Amazon Job Advertisement Event System
Serverless microservices platform handling job advertisement lifecycle events at Amazon scale, replacing a brittle monolith that couldn't sustain peak hiring traffic.
Context
Amazon's job advertisement system handled the full lifecycle of job postings across the company's internal hiring pipeline: creation, distribution, updates, and expiration. The existing monolithic application had served the business for years, but scaling it for peak hiring periods had become increasingly difficult. Any change to one part of the system risked breaking unrelated features, and the tightly coupled architecture made it impossible to scale individual components independently.
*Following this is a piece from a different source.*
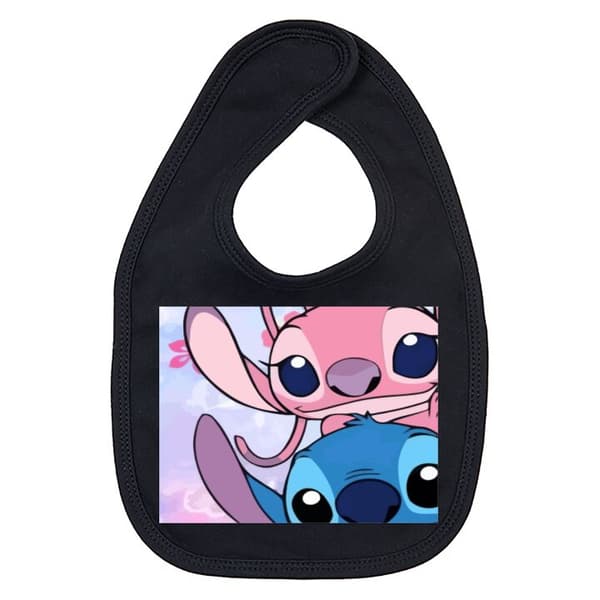 Baby Smekke Stitch & Angel
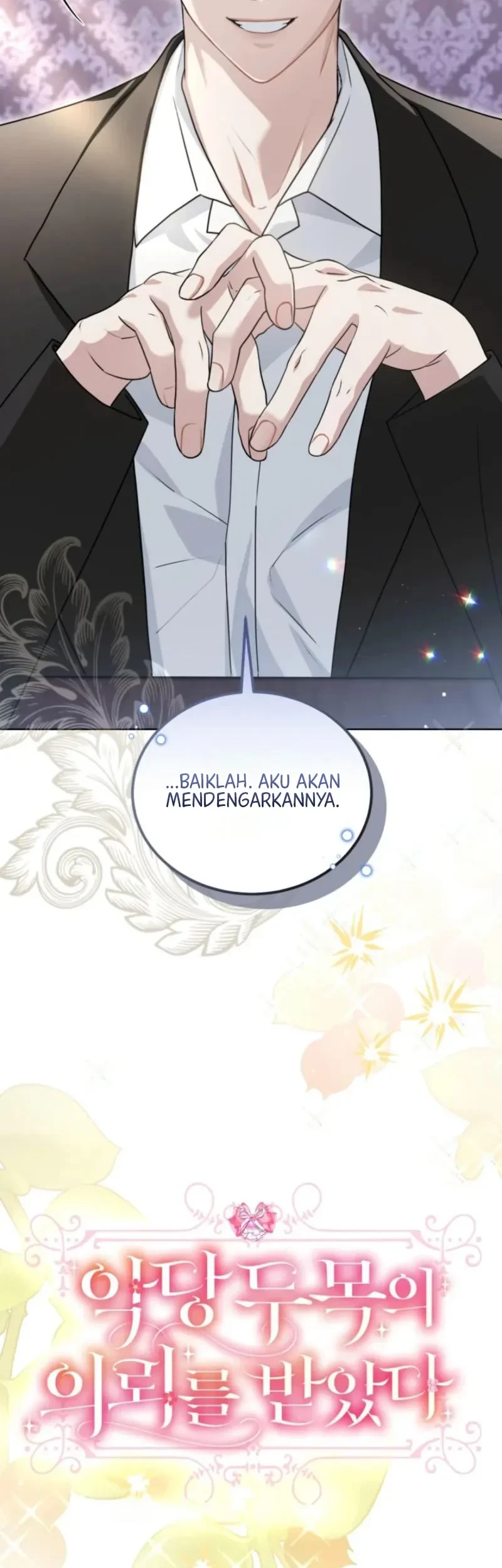 I Received a Request from the Villain Boss Chapter 3 Gambar 8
I joined as a Full Stack Developer through Insight Global and was assigned to lead a 5-developer team tasked with rebuilding the system on a modern serverless architecture.
What I Built
Microservices decomposition: Broke the monolith into independent services, each owning a bounded context of the job ad lifecycle: creation, validation, distribution, status updates, and expiration. Services communicate asynchronously via SQS and SNS, removing the tight runtime coupling that had made the monolith fragile.
Serverless infrastructure on AWS CDK: Provisioned the entire infrastructure using AWS CDK, replacing manual CloudFormation templates with type-safe infrastructure code. All Lambda functions, API Gateway routes, DynamoDB tables, SQS queues, and SNS topics were defined and deployed from a single CDK application, giving the team repeatable, version-controlled infrastructure.
CI/CD pipelines: Implemented fully automated build and deployment pipelines using AWS CodeBuild and CodePipeline. Every pull request triggered an isolated build and test run; merges to main deployed automatically to staging with a manual gate before production.
JWT-based API security: Implemented JWT-based security filters across all backend services, enforcing authentication and authorization on every API call. Replaced the monolith's session-based auth with stateless token validation suitable for a distributed microservices environment.
Secure web architecture: Configured domain registration, Route 53 hosted zones, CloudFront distributions, and TLS certificates for all public-facing endpoints.
Outcome
The rebuilt system handled Amazon's job advertisement workload on a fully serverless foundation. The event-driven architecture allowed individual services to scale independently during peak periods without impacting the rest of the pipeline. CI/CD automation reduced deployment friction and gave the team confidence to ship more frequently.
What I Learned
Leading a 5-developer team on a greenfield rewrite taught me where team autonomy matters most. Keeping service boundaries clear from the start, and owning the data model design before writing code, prevented the coordination overhead that kills microservices migrations. The CDK investment paid off immediately: infrastructure drift stopped being a source of production incidents.
Key Outcome
Transformed a monolithic job ad system into a scalable serverless microservices architecture serving Amazon's hiring pipeline.